Along with starting coffee shops and founding gourmet bistros, entrepreneurs trying to take that perfect ride up the gentrification arc are taking
a chance on an increasingly popular retail item: wine.

Over the last few years, stores specializing only in wine have been sprouting up across the city. According to the New York State
Liquor Authority (SLA), there are 24 stores in the five boroughs with wine-only licenses, compared to just eight in 2003.

Conversely, licenses for new liquor stores in the city, which allow the sale of both
spirits and wine, are up less than 10 percent, to 1,066 compared to 972 in 2003.

Retail brokers and wine store owners say opening a wine store poses unique, and sometimes costly, challenges.

“Getting a license means going through a rigorous process including a background check, and applicants have to be squeaky clean,” said Tim King, a senior partner with Massey Knakal and an expert in retail real estate. “This may sound draconian, but the process of getting a permit to sell alcohol is like the process of getting a gun permit.”

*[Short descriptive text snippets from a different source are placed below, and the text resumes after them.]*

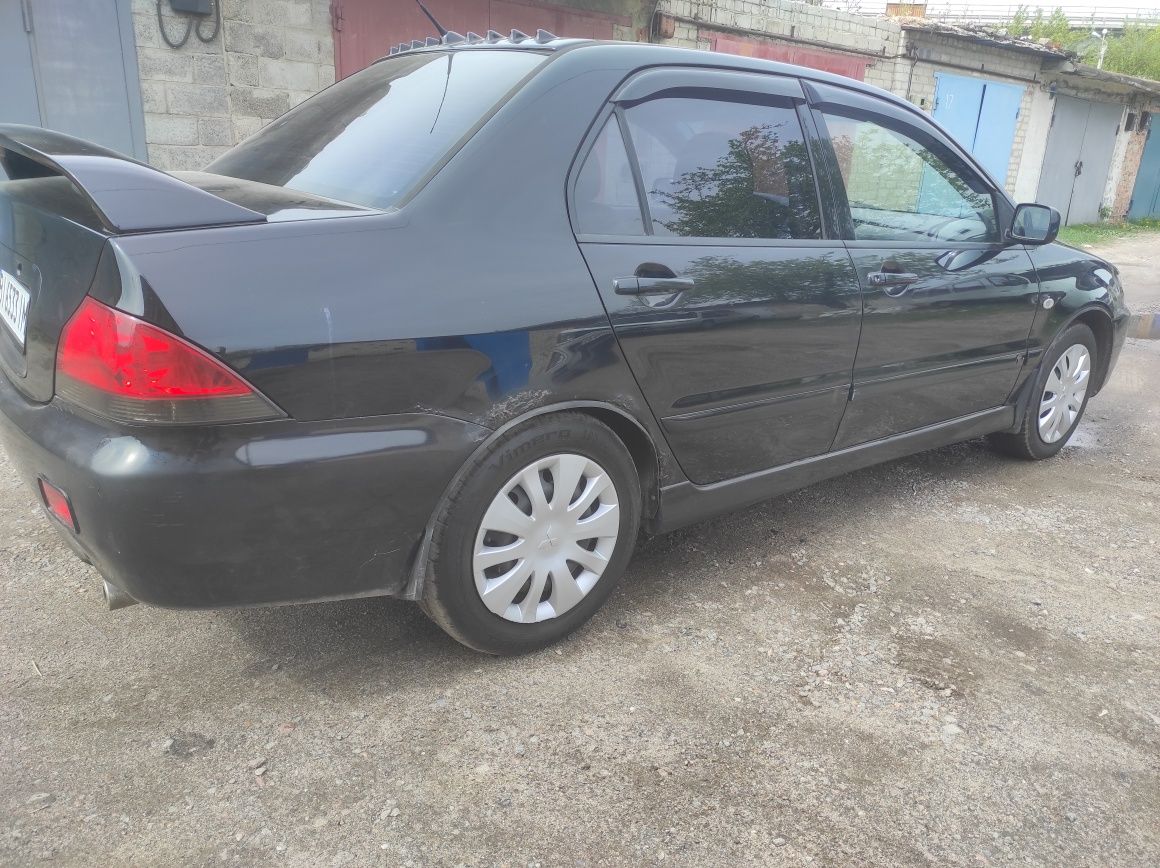 Лансер 9 1.6 газ 4 Lanser 2005 год Mitsubishi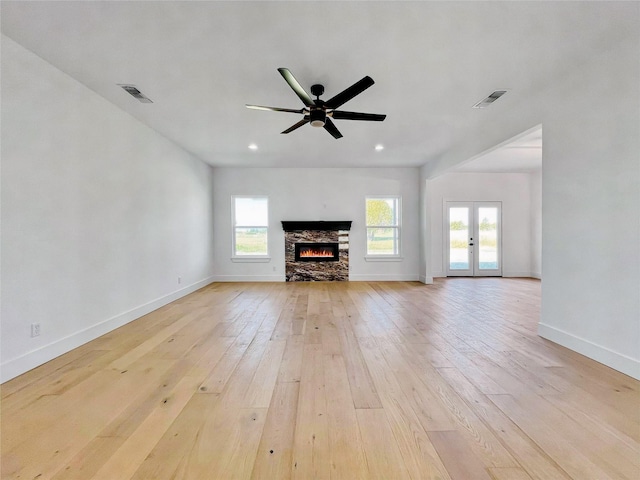 114 Trailridge Dr, Corsicana, TX 75110 - unfurnished living room featuring baseboards, visible vents, light wood-style floors, and ceiling fan
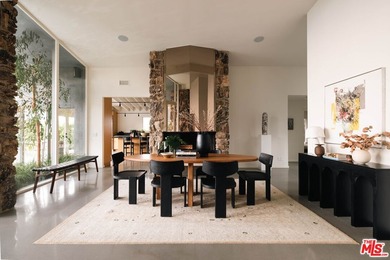 Tucked in an exclusive pocket of the Hollywood Hills, this - photo 11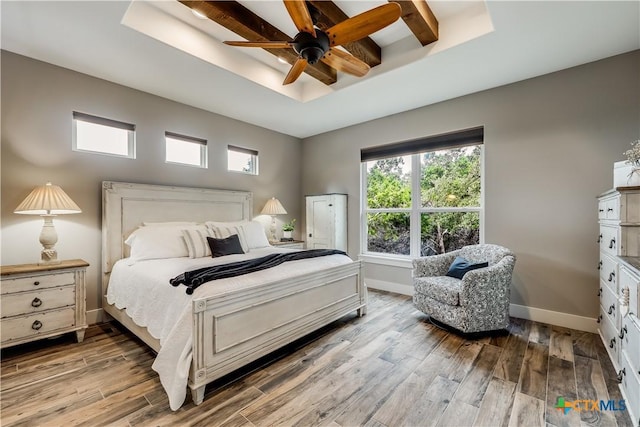 bedroom with beam ceiling, a raised ceiling, ceiling fan, and light hardwood / wood-style floors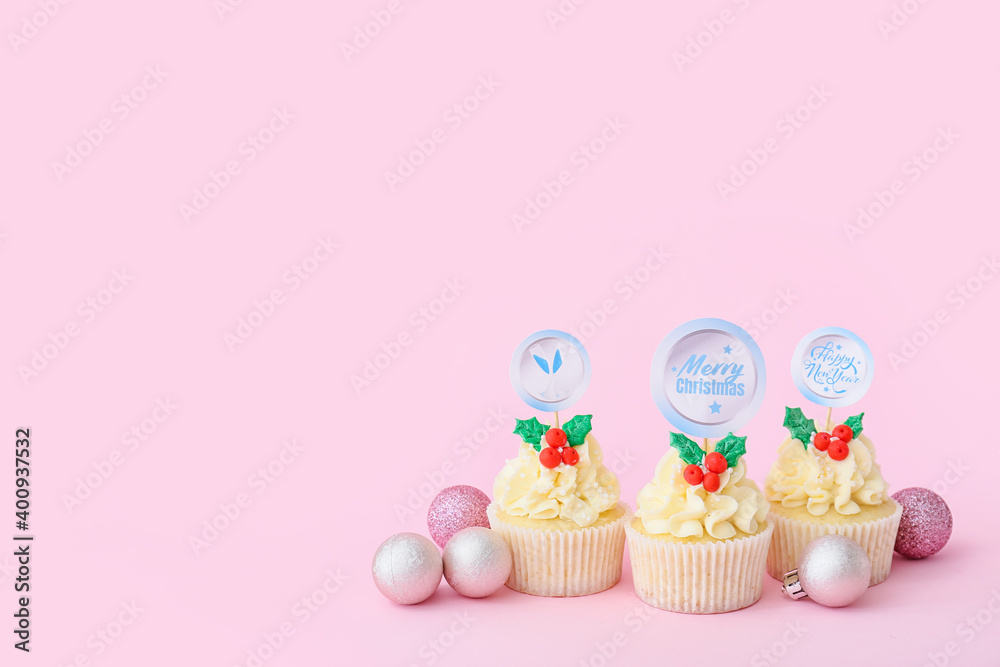 Tasty Christmas cupcakes on color background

Restrictions also exist on where a wine store can open: The SLA prohibits stores that sell alcohol from opening within 200 yards of either schools or places of worship. Also, in order to determine if there is demand for another wine or liquor store, the SLA performs a public convenience and advantage review, wherein the SLA reviews the sales receipts of the four nearest potential competitors to determine if there is enough local demand for another store.

A hearing is also held where those competitors are allowed to weigh in before shops are granted new licenses. Sometimes, their objections can delay wine store openings by months.

It took Brian Robinson, the owner of Gnarly Vines, a wine store in the Fort Greene/Clinton Hill area, more than three years to bring his dream of an independent wine shop to life due to the arduous process of getting a license. According to Robinson, resistance from another Fort Greene store initially prompted the authority to deny his license. In the end, Robinson sued the state for unfairly denying it and won.

Delays in waiting for a business license can also make leasing space quite expensive. As with anyone who applies for a
state liquor or wine license, Robinson was required to sign a lease for his space at the outset, which meant he was liable for
rent on the space long before he opened
his business.

Robinson’s landlord gave him a break on his lease payments while he was fighting to get his liquor license; he eventually subleased the space while waiting for approval. “But it still took a pound of flesh from me,” he said.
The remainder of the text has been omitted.